*** DATA BELOW ***
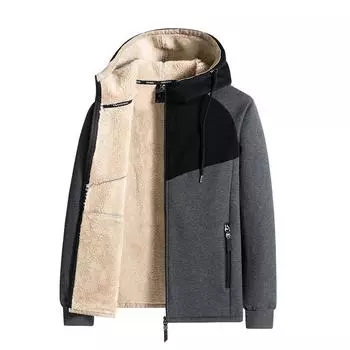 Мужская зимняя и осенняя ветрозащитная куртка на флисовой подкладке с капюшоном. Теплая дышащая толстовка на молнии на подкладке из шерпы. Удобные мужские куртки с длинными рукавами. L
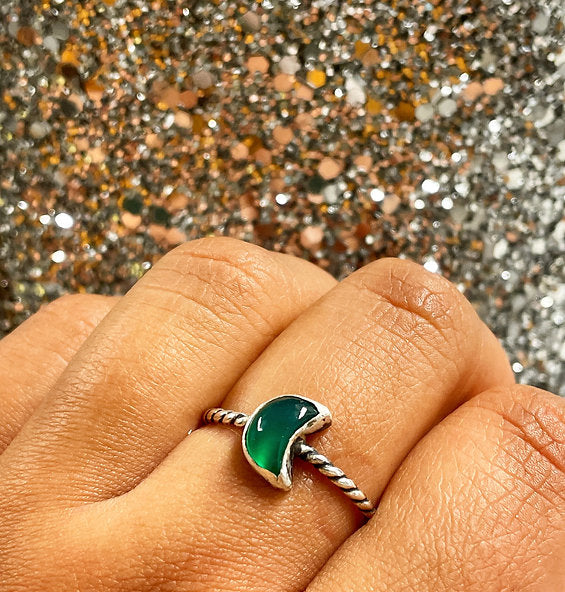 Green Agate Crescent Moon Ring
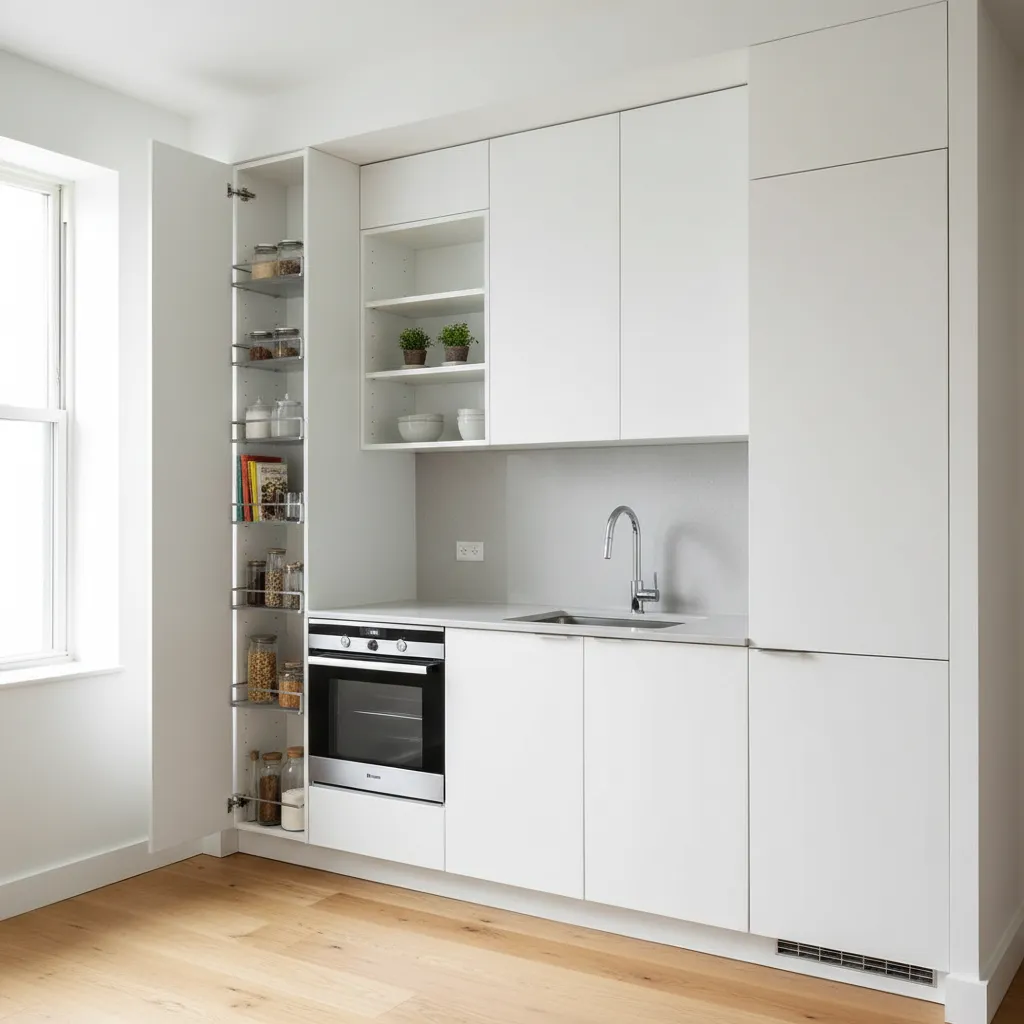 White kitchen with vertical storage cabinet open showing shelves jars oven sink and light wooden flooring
*** End of DATA BELOW ***
#### PROBLEM REQUIREMENTS
Working from the line with "Green Agate Crescent Moon Ring" to the last line of the material above, repeat each line exactly and leave out the pictures.

#### YOUR RESPONSE
 Green Agate Crescent Moon Ring
 White kitchen with vertical storage cabinet open showing shelves jars oven sink and light wooden flooring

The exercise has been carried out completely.